Fighting with seventh graders from the year 2000


















Life is strange.

I've been thinking a lot about how childhood has so much influence over the rest of our lives and everything you have to do to fight that influence later. Of course you don't have to fight all of it. But there are those snippets that rear their ugly head at times... reminding us of how far we still have to go. But also how far we've come.

I was a big time reader when I was a kid. I remember one time reading a Boxcar Children book in my classroom because I had finished my work early and the lights started flicking off and on. I looked up to see my entire class lined up for recess, waiting on me. I had been that engrossed in my book.
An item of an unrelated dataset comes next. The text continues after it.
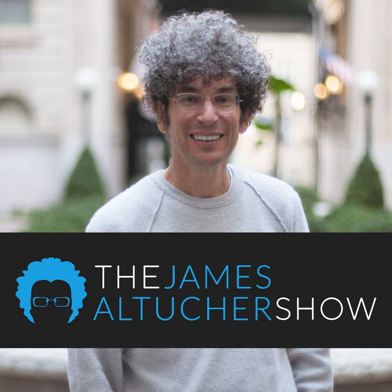Scott Galloway has successfully been predicting the future on my podcast every single time he's been on. He came on when he wrote the book about Facebook, Amazon, Netflix, Google. He wrote a book called The Algebra of Happiness. And now, I don't know how he got this book done so fast, but the book is called Post-Corona: From Crisis to Opportunity. This book is the map of what's going to happen next in the economy, for the virus, in every industry, from education to technology to healthcare and on and on. Scott is so good at seeing these trends and how they will play out. Without further ado, Scott Galloway.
I loved stories so much and loved to tell them. I would pace around in my backyard all day telling myself stories. Oftentimes they were about a girl wanting to play soccer but, much to her dismay, there was only a boy's team at her school, and the adversity she faced trying to earn a spot on the team. Naturally she went on to be the leading scorer as well as get a date with the cute goalkeeper.

So I didn't venture out much from my familiar realm.
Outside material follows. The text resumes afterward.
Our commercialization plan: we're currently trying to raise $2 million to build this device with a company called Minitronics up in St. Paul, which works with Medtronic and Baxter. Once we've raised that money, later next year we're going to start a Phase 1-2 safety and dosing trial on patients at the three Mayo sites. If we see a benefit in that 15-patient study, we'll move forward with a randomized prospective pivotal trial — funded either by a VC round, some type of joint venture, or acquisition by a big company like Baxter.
I can remember the day I stopped pacing and telling stories. I was in 7th grade and our teacher assigned us in groups to write a story. Titanic had just came out so, naturally, our group picked our heroine to be named "Rose" because that's what you do in 7th grade. You copy pop culture and try as hard as you can to not be creative. Because creative is different. Creative is weird.

Our story won and I was asked to read it at morning assembly in front of the entire school. I was pretty pumped. I read it, my hands shaking.

And then came the feedback.

Because it's not cool in 7th grade to write stories. It's not cool to daydream.

So I stopped.

And something inside of me still fears the vulnerability that comes with writing. Or creating.

On a regular basis I tell myself to delete this blog. Because it's dumb. It's embarrassing. No one cares about what I have to say or what I think or what my opinion is.

Because this is me putting myself out there. This is part of my art.

I have to fight those seventh graders. I have to tell them, "It's okay that I'm weird. It's okay to be creative. It's okay to daydream and to make art. Even if you don't agree with it. Even if you think it's dumb."

I have spent a good portion of my life arguing with 12-year-olds in my head. Things they said to me fourteen years ago. It sticks.

How can I convince my son that it's okay to make art? Even if it isn't good? Even if people don't like it? Even if it's weird?

First, I must do it myself. He has to see me putting myself out there. Because that's what art is. Being vulnerable. Taking a risk.

Praying God gives me the boldness to unleash the gifts he gave me to create... and to not listen to 7th graders anymore.